### [Records for the exercise]

------------------------------

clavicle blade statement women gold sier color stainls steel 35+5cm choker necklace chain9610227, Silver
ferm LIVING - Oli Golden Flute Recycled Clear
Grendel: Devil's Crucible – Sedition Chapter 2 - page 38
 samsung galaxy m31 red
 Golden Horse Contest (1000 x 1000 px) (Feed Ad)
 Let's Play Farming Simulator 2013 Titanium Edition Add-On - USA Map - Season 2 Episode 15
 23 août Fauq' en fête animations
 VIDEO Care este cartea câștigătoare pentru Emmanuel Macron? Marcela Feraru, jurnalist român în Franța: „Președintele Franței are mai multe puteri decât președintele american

------------------------------

### [Brief]
Return only what runs from the line containing "23 août Fauq' en fête animations" to the last line of the records above, both ends included, exactly as written.

### [Written solution]
 23 août Fauq' en fête animations
 VIDEO Care este cartea câștigătoare pentru Emmanuel Macron? Marcela Feraru, jurnalist român în Franța: „Președintele Franței are mai multe puteri decât președintele american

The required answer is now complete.